(Image-text web data)
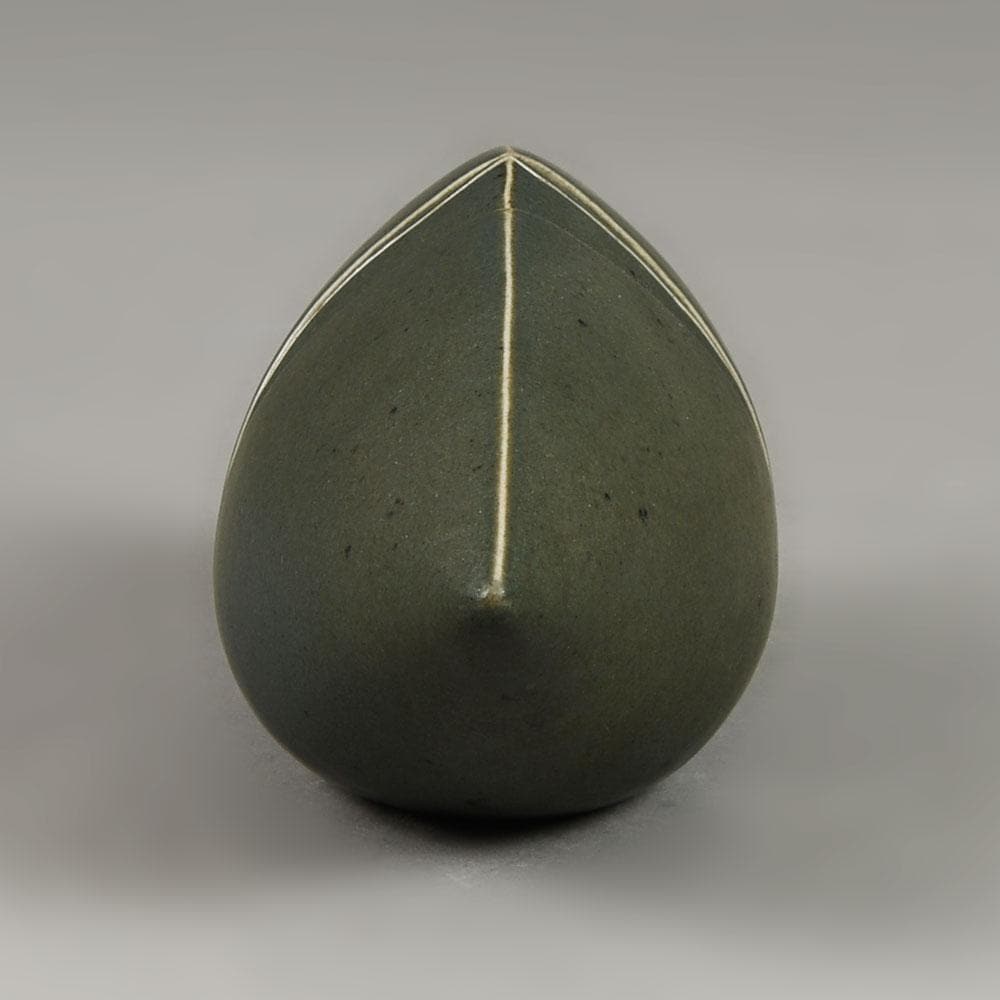 Antje Wiewinner, Germany, unique stoneware sculptural form with gray matte glaze E7379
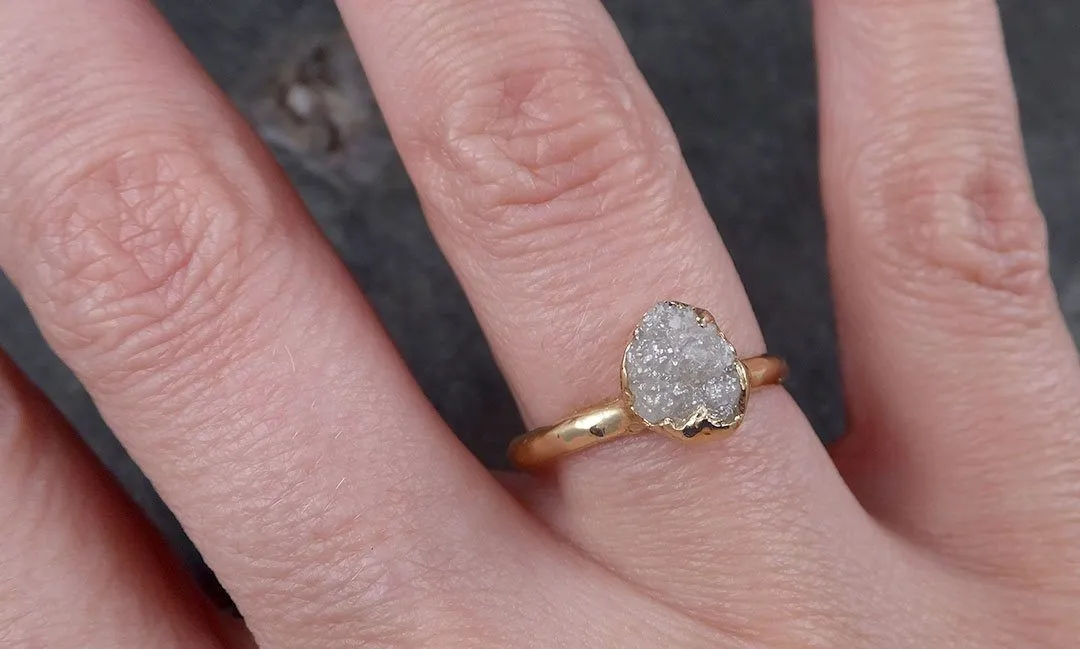 raw diamond engagement ring rough uncut diamond solitaire recycled 14k yellow gold conflict free diamond wedding promise 1506 Alternative Engagement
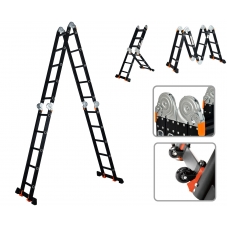 Лестница алюм. многофункц.4х5 ступ.(стрем.-283см,лестн.-580см) 15,5кг BLACK LINE STARTUL (ST9930-05)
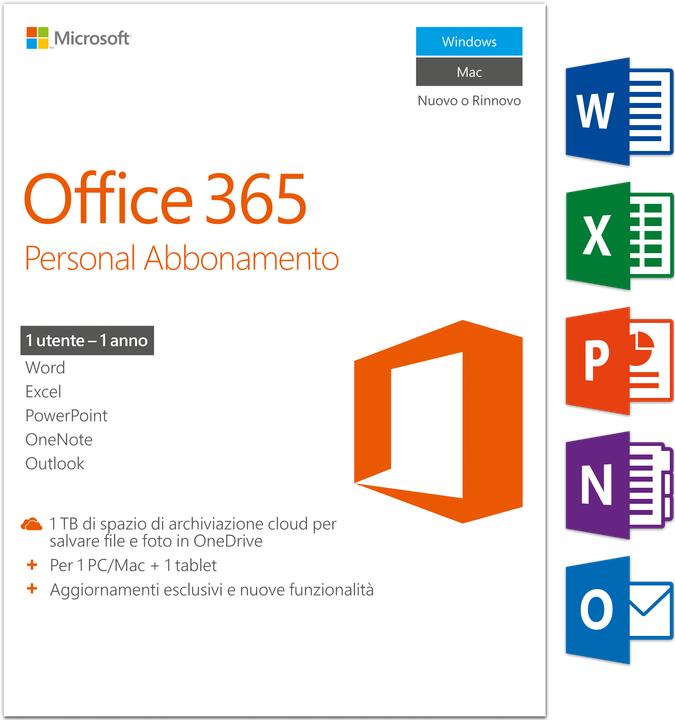 Produktbild Microsoft Office 365 Personal (1 User, 12 Monate)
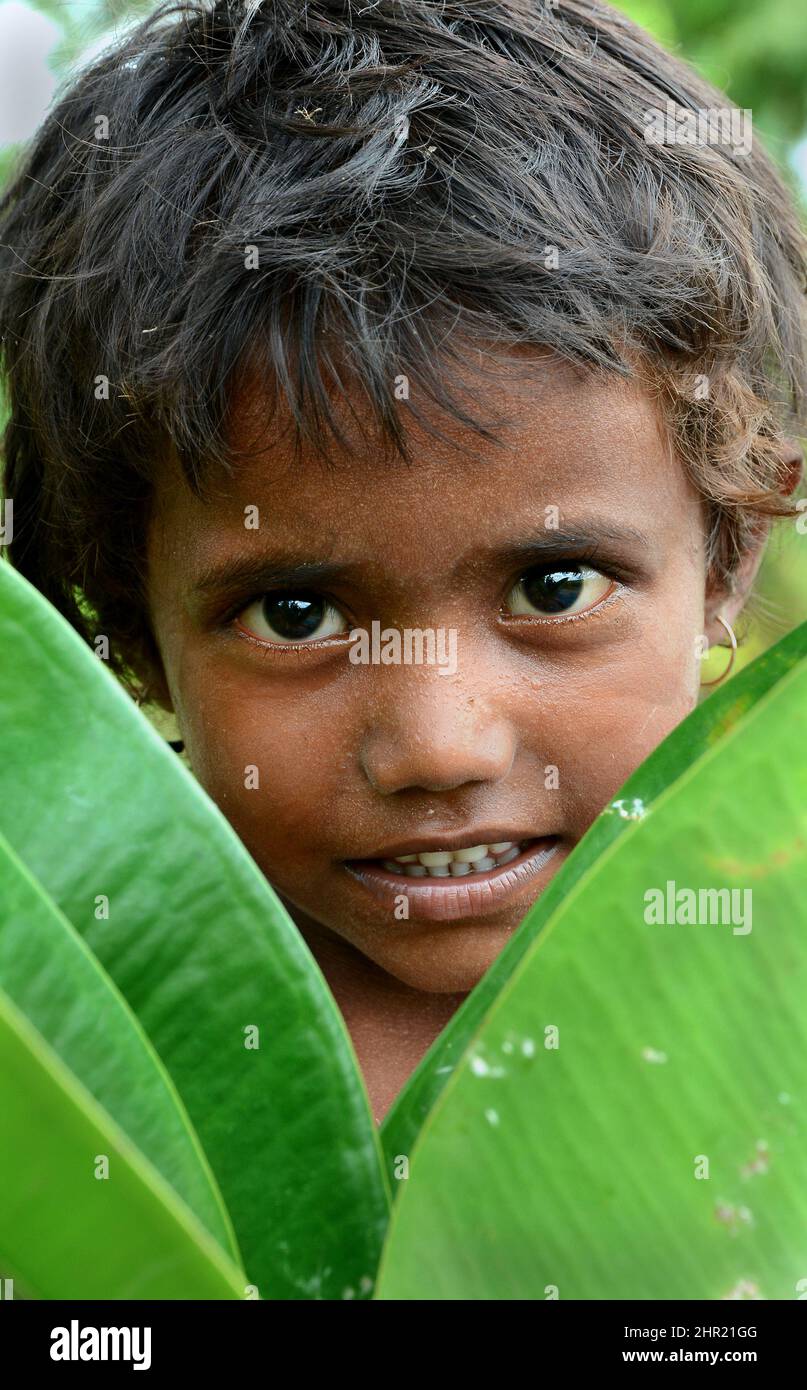 Ritratto di piccola ragazza tribale al villaggio remoto dell'India. Foto Stock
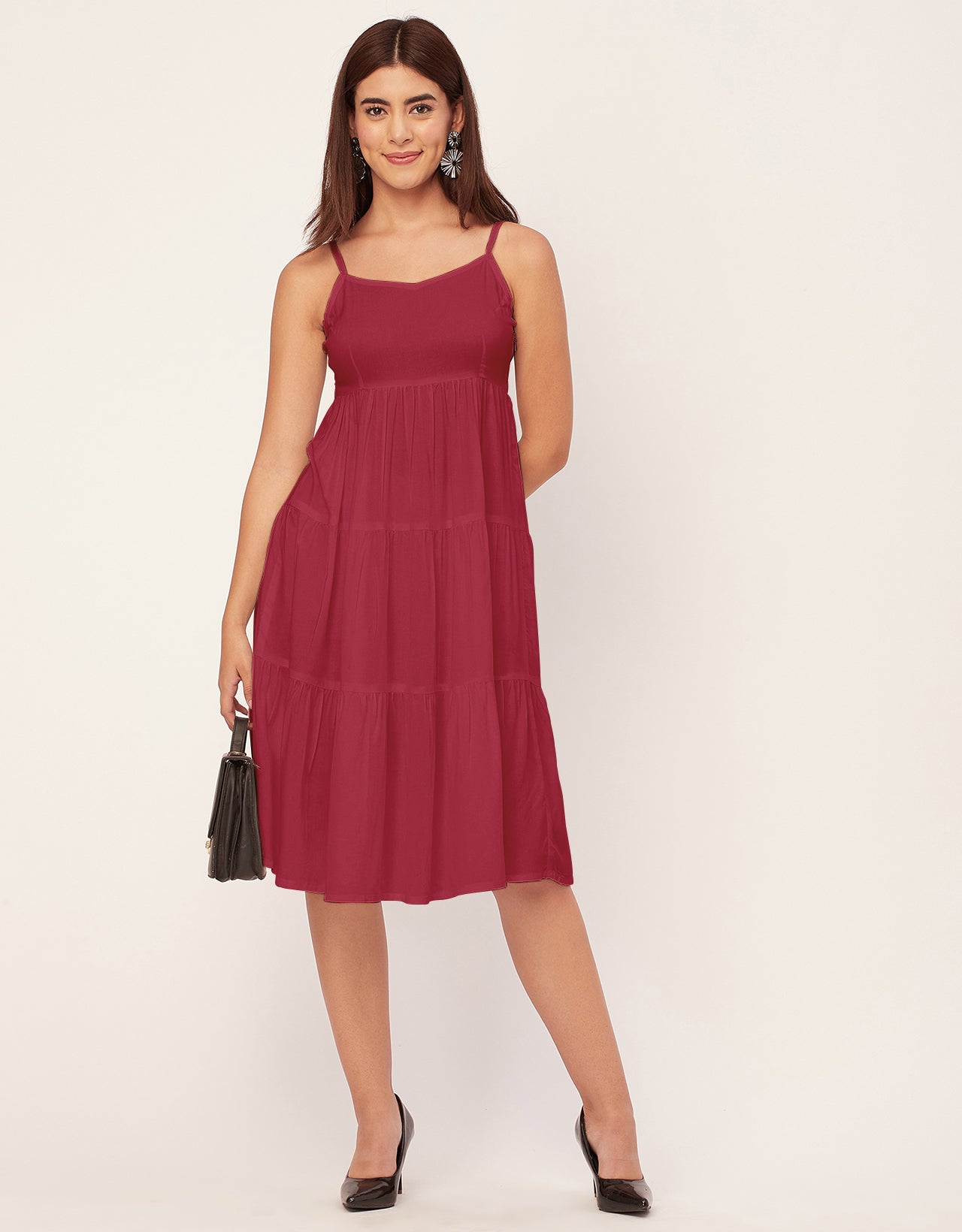 Sweetheart Neck Sleeveless Solid Rayon Dress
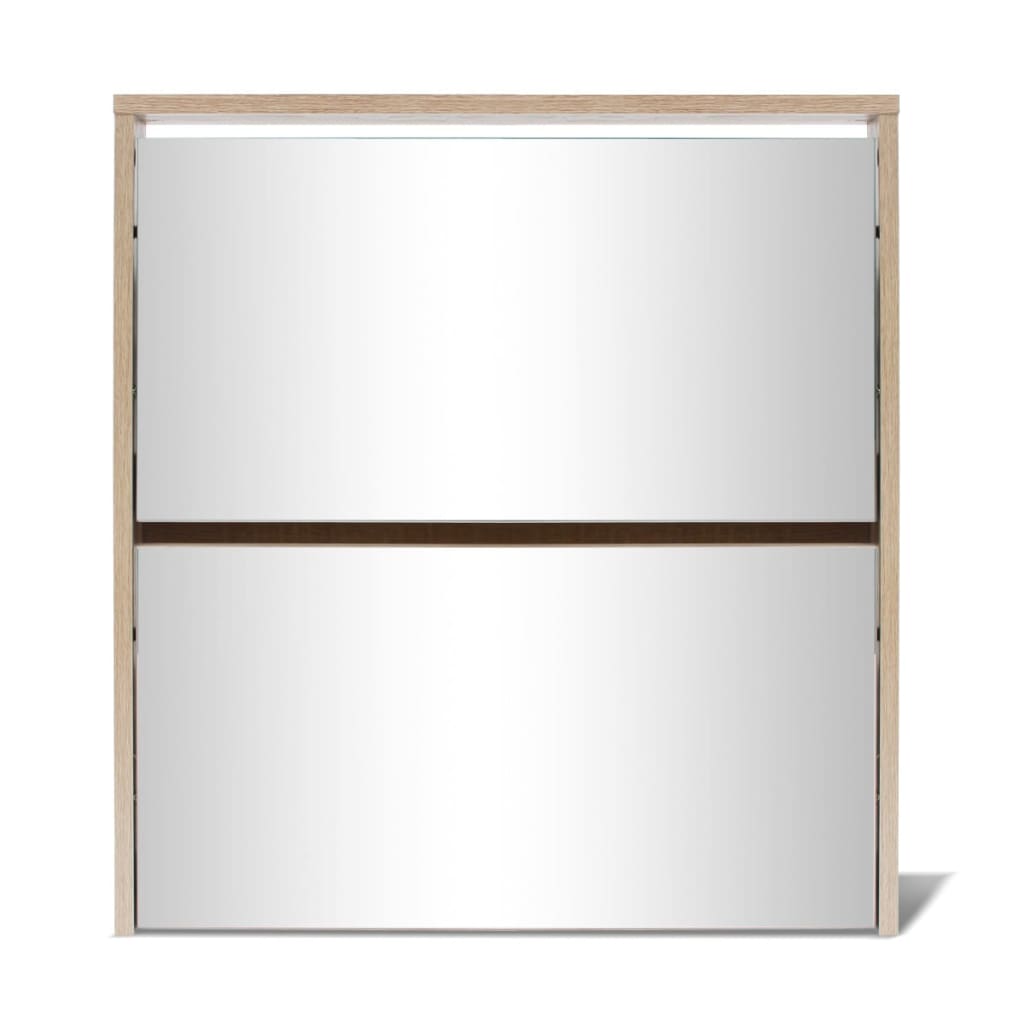 vidaXL Batų dėžė, 2 lygių su veidrodžiais, ąžuolo spalvos, 63x17x67 cm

> Task instructions: Print only the lines from the first line of the data above through the one containing "Лестница алюм. многофункц.4х5", exactly as they are, with pictures omitted.

> Exercise result:
 Antje Wiewinner, Germany, unique stoneware sculptural form with gray matte glaze E7379
 raw diamond engagement ring rough uncut diamond solitaire recycled 14k yellow gold conflict free diamond wedding promise 1506 Alternative Engagement
 Лестница алюм. многофункц.4х5 ступ.(стрем.-283см,лестн.-580см) 15,5кг BLACK LINE STARTUL (ST9930-05)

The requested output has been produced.